_Given information:_
________________________

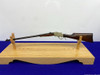Stevens Favorite .32RF Blue 22" *DESIRABLE AND SOUGHT AFTER .32RF*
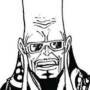 fukurokujumini.jpg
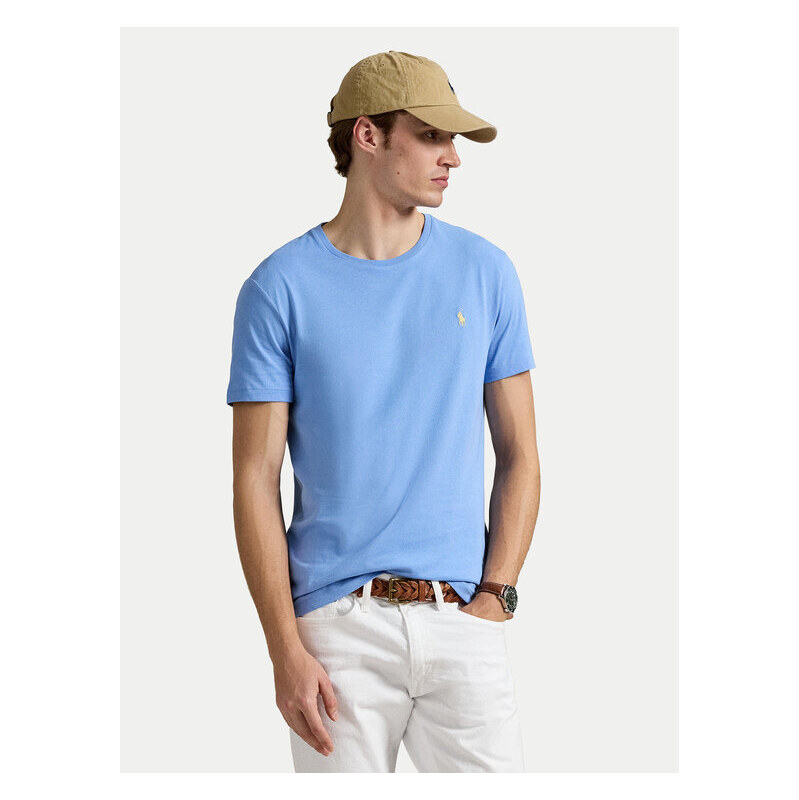 Tričko Polo Ralph Lauren 67190806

________________________

_Work item:_ Pictures are not part of the copy. Restate everything else in the listing word for word.

_Solution:_
Stevens Favorite .32RF Blue 22" *DESIRABLE AND SOUGHT AFTER .32RF*
 fukurokujumini.jpg
 Tričko Polo Ralph Lauren 67190806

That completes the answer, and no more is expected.